5. Kami is the Japanese word for a divine being, god, deity, divinity, spirit, or an aspect of spirituality. The term has been used to describe mind, God, supreme being, one of the Shinto deities, an image, a principle, and anything that is worshipped.

6. Arguably the most popular of the Shinto gods or kami is Amaterasu. Stories about her (and other prominent gods and goddesses) are chronicled in the Kojiki and the Nihongi. Based on the mythologies contained in these texts, Amaterasu is the Sun Goddess who was born from the left eye socket of a male creator kami named Izanagi.

7. Nihon shoki, also called Nihongi (‘Chronicles of Japan’), is the second oldest book of classical Japanese history. The book is more elaborate and detailed than the Kojiki.

8. These ‘goryo’ are the revengeful spirits of the dead whose lives were cut short. It is thus important to revere them as a way of calming them as they are believed to punish those who do not honor the kami.

9. Shintoism teaches that the kami ought to be respected and worshipped. To Shinto followers, the goal of life is to achieve ‘magokoro,’ “a pure sincere heart which can only be granted by the kami.

10. However, the Japanese Prime Minister Abe explained that he went to the shrine to reflect on the preciousness of peace. He said that he “prayed for the souls of all those who had fought for the country and made ultimate sacrifices … the purpose of my visit is to report before the souls of the war dead how my administration has worked for one year and to renew the pledge that Japan must never wage a war again.” (“Prime Minister’s Visits to Yasukuni,” n.d.).


Finally, the following statements are also worth knowing about Shintoism:

1.Shintoism’s concept of the divinity of the Emperor is usually misunderstood especially by Westerners. Neither the Emperor nor most of Japanese people ever thought that the Emperor was a God in the sense of being a supernatural supreme being.

2.Collectively, the stories in Nihongi and the Kojiki are referred to as the ‘Kiki stories.’

3. Kami is the Japanese word for a divine being, god, deity, divinity, spirit, or an aspect of spirituality. The term has been used to describe mind, God, supreme being, one of the Shinto deities, an image, a principle, and anything that is worshipped.

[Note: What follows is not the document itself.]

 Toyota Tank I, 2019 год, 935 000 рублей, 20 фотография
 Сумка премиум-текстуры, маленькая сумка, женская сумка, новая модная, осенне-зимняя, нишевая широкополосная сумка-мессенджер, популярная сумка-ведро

4. The Nihongi focuses on the merits of the righteous rulers as well as the errors of the wicked rulers.

5. Shinto believers find it important to worship the kami also because of the assumed roles they play in the nature. The kami’s supposed primitive roles were as earth-based spirits, helping the early hunter-gatherer groups in their day-to-day lives, thus revered as gods of earth and sea.

6. For reasons mentioned, visits to the Yasukuni Shrine by Japanese Prime Ministers have been a cause of protest in Japan and abroad. The visits have long had diplomatic consequences.

7. Amaterasu is the Sun Goddess who was born from the left eye socket of a male creator kami named Izanagi.

8. In principle therefore, all—human beings, birds, animals, trees, plants, mountains, oceans—may be kami. Based on ancient usage, whatsoever seemed extraordinarily impressive, possessed the quality of excellence, or inspired a feeling of awe was called kami.

9. The core teaching of Shintoism is to worship the ancestors and forces of nature to achieve harmony in all dimensions.

10. Shintoism has no founder in the sense that Christianity or Buddhism has a founder, nor is there a person or group of persons who were responsible for developing Shinto as a religion.